> **Exercise objective**:
Drop the pictures; give again exactly the lines from the one holding "湖北小区改造停车棚工程，膜结构非机动车棚定制厂家-2" through the end of the data.

> **Data extract**:

###

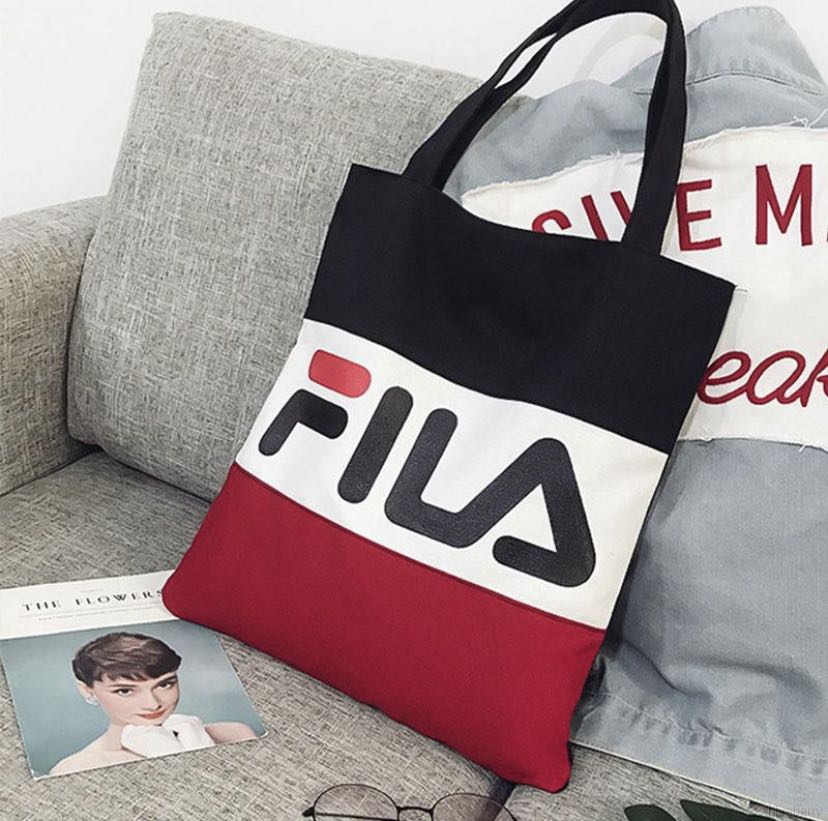 Fila canvas tote sling Contrast Color Letter Print Woemn Canvas Bag Student Bag Shopping Bag Women s Fashion Bags Wallets Cross body Bags on Carousell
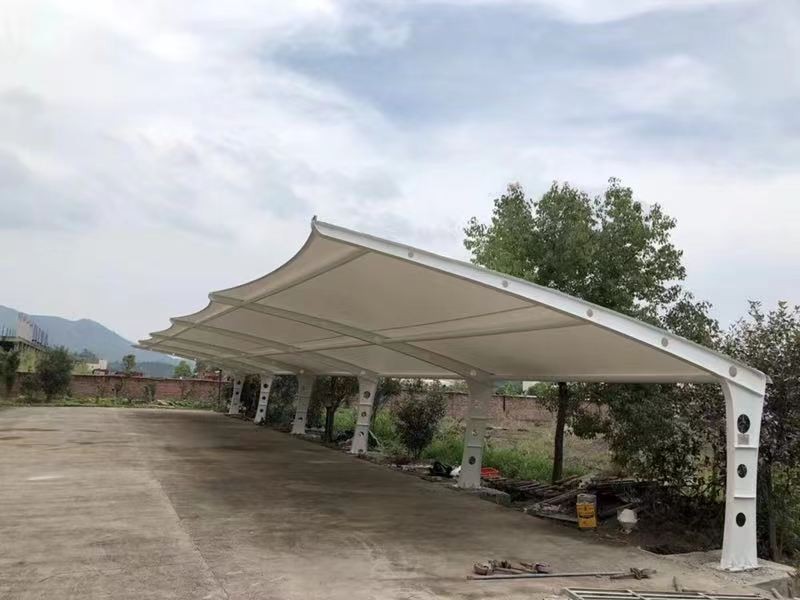 湖北小区改造停车棚工程，膜结构非机动车棚定制厂家-2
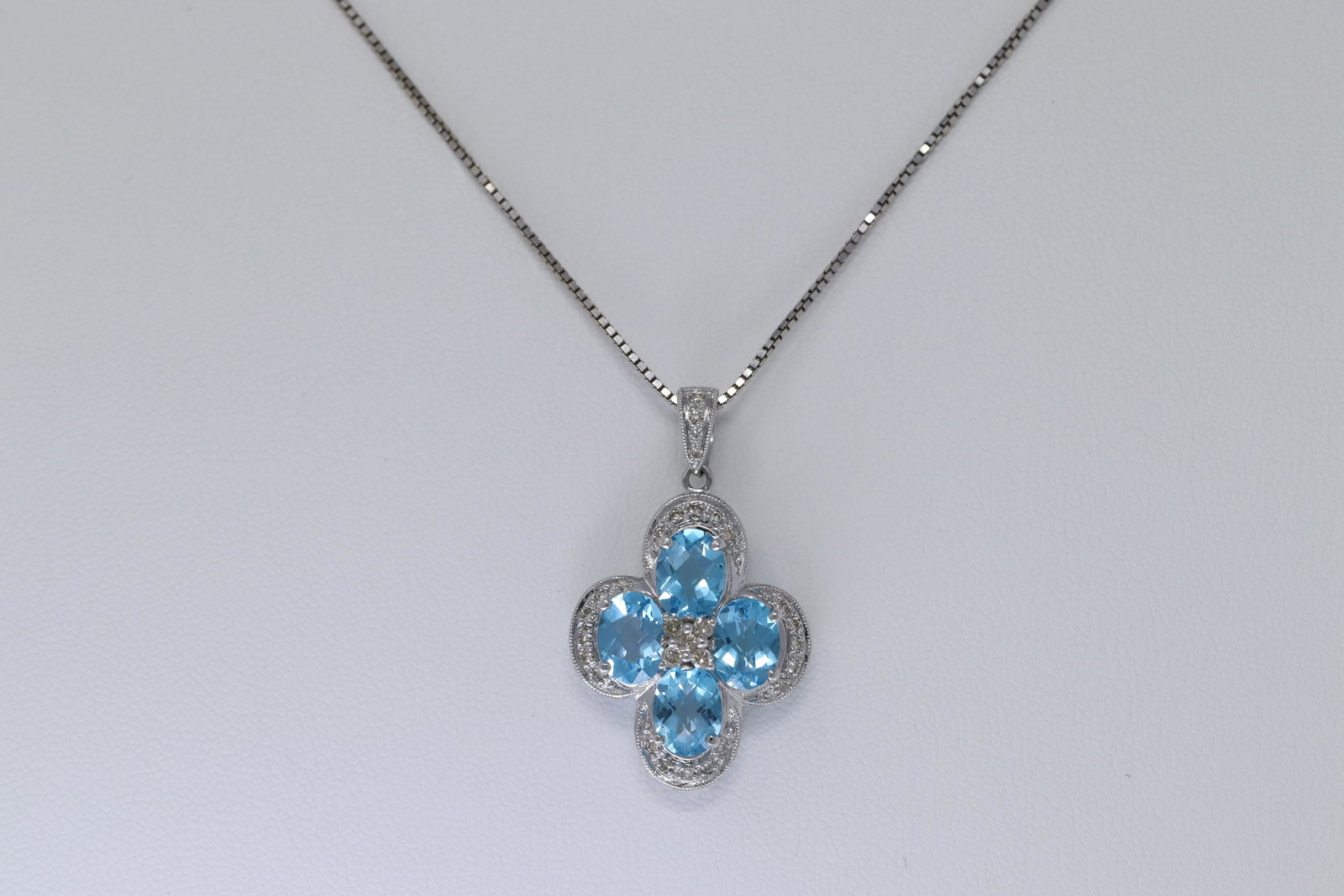 14Kt Ladies White Gold Diamond w/ Blue Topaz Charm/ Necklace (1 of 4)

###

> **Exercise solution**:
 湖北小区改造停车棚工程，膜结构非机动车棚定制厂家-2
 14Kt Ladies White Gold Diamond w/ Blue Topaz Charm/ Necklace (1 of 4)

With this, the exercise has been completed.